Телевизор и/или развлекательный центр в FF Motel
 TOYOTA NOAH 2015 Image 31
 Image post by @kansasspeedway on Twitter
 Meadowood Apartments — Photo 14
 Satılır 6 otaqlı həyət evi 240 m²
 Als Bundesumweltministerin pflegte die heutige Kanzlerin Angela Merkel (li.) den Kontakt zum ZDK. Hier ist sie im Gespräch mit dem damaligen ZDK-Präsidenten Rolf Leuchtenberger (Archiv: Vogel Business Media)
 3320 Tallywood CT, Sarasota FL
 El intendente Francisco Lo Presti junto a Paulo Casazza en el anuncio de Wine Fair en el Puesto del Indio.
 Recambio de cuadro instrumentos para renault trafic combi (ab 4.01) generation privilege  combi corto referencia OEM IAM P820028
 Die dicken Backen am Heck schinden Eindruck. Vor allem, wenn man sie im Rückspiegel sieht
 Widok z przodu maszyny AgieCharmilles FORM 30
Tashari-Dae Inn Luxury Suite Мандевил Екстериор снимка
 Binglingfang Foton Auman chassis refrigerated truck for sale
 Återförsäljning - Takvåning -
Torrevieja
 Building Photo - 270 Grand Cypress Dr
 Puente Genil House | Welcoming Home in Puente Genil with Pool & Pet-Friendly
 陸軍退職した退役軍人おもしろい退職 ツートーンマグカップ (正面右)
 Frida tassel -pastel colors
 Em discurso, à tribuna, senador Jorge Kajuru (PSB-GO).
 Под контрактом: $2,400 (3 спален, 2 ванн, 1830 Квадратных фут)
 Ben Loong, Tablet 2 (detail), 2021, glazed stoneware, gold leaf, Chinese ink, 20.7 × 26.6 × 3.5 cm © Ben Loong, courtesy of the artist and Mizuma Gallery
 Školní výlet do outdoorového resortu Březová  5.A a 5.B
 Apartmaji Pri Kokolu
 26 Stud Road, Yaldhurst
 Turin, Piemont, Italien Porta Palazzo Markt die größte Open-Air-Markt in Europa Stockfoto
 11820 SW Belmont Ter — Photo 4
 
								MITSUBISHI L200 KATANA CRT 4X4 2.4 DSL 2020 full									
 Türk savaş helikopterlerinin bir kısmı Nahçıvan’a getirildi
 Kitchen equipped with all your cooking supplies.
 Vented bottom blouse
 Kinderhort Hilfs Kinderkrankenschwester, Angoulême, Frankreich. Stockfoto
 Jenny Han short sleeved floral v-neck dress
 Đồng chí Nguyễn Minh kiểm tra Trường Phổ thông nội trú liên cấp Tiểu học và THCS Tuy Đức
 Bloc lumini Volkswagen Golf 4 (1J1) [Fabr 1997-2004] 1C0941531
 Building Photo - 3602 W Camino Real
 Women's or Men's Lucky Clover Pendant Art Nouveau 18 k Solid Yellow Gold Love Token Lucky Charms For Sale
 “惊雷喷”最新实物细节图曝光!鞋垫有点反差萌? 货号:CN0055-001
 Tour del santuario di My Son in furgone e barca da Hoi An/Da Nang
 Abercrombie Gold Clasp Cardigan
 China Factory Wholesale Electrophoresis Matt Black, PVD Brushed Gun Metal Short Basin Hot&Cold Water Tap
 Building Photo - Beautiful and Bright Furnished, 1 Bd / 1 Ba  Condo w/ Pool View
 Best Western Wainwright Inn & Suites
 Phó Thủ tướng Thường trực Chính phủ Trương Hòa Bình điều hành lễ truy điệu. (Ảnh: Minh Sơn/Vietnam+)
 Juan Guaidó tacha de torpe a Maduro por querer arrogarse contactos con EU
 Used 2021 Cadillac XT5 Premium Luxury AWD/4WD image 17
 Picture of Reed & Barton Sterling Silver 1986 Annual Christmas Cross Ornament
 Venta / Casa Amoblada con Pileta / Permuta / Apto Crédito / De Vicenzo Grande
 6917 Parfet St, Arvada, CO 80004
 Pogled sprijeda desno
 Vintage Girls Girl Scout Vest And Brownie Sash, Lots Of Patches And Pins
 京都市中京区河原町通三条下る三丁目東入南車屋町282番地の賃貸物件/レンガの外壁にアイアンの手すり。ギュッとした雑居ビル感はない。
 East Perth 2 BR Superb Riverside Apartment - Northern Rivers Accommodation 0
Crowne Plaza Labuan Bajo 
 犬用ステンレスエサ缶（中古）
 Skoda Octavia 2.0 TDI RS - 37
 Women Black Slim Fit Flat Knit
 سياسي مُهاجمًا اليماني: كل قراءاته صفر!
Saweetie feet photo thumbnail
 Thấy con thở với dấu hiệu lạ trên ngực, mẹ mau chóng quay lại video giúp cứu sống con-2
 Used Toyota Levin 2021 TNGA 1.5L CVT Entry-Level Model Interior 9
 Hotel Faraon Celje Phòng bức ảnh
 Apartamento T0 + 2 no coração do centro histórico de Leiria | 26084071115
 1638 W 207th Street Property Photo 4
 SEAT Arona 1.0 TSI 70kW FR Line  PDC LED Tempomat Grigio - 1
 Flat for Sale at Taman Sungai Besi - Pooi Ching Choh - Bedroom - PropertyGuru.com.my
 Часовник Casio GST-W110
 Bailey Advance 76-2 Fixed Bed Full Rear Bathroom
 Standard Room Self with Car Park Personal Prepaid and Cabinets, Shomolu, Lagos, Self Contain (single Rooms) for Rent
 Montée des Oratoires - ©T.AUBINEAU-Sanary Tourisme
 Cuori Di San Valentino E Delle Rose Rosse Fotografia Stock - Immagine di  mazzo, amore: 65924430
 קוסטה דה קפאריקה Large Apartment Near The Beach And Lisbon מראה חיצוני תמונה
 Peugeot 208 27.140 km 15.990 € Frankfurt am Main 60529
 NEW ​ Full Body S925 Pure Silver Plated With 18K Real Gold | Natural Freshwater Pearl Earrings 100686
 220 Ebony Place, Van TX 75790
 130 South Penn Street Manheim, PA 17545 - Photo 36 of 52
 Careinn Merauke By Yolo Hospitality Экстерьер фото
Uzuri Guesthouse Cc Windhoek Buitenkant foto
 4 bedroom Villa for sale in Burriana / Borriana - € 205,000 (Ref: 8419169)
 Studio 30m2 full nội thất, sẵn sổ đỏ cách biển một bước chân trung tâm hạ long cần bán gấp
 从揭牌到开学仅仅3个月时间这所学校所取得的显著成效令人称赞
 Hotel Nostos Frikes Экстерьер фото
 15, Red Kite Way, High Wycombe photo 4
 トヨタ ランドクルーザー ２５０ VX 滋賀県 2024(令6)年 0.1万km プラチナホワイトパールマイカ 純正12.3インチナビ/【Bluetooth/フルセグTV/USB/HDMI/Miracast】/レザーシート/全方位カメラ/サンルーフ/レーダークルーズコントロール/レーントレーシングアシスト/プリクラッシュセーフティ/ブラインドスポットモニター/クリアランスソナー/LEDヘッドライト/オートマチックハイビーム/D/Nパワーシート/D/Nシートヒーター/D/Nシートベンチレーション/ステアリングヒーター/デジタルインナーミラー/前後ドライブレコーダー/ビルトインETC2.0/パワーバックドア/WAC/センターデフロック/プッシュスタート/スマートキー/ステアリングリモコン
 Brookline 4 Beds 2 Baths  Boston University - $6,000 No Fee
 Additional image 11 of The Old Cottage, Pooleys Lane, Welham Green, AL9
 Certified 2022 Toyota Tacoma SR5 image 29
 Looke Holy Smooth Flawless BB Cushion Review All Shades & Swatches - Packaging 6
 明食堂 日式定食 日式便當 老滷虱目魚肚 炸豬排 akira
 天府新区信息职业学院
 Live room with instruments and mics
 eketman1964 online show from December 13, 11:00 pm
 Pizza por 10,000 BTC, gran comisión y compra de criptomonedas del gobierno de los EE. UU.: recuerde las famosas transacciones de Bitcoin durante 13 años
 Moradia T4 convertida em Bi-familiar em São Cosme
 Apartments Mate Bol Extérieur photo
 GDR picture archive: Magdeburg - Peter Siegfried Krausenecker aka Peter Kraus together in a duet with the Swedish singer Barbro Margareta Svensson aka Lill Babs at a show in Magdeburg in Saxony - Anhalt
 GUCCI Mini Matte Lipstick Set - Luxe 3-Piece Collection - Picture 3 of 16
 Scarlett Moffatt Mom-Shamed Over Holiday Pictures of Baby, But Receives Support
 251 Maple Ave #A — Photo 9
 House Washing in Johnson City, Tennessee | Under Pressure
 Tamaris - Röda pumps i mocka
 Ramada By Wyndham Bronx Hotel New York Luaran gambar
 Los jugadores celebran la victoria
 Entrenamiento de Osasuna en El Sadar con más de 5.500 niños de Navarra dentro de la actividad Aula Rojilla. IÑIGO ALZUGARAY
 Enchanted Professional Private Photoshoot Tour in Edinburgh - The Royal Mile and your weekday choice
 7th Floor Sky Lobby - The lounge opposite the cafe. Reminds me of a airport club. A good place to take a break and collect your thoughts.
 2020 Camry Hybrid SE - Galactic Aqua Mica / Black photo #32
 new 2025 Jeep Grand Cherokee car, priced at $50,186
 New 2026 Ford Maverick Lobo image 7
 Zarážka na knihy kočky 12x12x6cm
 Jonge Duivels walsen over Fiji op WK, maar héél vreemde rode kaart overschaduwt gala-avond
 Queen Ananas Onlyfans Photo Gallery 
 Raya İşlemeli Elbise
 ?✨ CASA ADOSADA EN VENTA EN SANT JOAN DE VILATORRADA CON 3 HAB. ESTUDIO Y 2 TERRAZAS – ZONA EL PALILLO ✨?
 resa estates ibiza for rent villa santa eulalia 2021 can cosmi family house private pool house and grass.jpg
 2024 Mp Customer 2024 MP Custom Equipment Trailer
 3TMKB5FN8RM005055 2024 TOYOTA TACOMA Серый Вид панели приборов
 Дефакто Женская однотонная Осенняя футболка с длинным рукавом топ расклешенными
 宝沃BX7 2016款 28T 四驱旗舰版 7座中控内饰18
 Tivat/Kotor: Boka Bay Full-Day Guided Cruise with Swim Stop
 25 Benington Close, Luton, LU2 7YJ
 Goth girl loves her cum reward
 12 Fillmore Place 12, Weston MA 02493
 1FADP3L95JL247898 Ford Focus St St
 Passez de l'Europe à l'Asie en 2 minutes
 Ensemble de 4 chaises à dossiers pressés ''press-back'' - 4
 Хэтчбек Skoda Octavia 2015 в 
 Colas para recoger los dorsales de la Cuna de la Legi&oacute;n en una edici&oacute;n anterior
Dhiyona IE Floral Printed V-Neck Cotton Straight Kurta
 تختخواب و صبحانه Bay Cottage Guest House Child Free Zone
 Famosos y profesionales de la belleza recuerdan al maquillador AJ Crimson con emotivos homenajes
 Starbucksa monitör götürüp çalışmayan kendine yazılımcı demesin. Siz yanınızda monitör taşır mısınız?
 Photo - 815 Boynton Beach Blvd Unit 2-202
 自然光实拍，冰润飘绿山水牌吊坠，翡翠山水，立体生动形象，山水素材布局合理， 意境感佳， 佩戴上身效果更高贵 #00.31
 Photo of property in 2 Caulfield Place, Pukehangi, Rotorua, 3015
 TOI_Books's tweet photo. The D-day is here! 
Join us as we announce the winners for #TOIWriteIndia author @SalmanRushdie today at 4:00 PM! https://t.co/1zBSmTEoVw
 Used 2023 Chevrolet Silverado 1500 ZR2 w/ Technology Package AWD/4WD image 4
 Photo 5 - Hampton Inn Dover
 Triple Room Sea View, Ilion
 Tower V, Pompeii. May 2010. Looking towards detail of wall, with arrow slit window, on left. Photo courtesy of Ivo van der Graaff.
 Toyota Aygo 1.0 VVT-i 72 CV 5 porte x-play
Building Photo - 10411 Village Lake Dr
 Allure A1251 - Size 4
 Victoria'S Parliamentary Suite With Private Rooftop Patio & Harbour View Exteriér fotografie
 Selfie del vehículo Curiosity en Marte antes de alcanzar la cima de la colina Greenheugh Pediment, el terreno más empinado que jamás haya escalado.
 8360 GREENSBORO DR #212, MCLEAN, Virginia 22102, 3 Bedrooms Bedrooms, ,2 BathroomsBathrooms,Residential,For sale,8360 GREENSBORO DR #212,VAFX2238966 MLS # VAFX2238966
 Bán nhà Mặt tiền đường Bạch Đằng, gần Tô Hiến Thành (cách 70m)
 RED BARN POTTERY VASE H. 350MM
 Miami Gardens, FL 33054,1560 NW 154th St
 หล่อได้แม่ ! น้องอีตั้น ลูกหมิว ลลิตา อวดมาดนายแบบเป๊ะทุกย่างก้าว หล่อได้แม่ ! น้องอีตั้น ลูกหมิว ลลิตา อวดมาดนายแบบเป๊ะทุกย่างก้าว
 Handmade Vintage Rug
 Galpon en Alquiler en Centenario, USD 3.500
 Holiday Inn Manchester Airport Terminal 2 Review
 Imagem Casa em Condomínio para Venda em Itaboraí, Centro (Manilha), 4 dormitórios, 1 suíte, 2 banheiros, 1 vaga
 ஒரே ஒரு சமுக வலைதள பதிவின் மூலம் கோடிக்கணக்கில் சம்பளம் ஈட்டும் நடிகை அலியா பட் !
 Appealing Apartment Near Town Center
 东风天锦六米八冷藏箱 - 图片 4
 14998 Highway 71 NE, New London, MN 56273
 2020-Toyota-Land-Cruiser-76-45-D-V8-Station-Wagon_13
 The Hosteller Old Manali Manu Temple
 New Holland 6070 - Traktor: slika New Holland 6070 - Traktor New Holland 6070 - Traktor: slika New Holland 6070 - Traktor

▶ What you will do
Scan the listing above for the word "para" and show each line where it is found.

▶ Answer to the exercise
 Recambio de cuadro instrumentos para renault trafic combi (ab 4.01) generation privilege  combi corto referencia OEM IAM P820028
 Colas para recoger los dorsales de la Cuna de la Legi&oacute;n en una edici&oacute;n anterior
 Imagem Casa em Condomínio para Venda em Itaboraí, Centro (Manilha), 4 dormitórios, 1 suíte, 2 banheiros, 1 vaga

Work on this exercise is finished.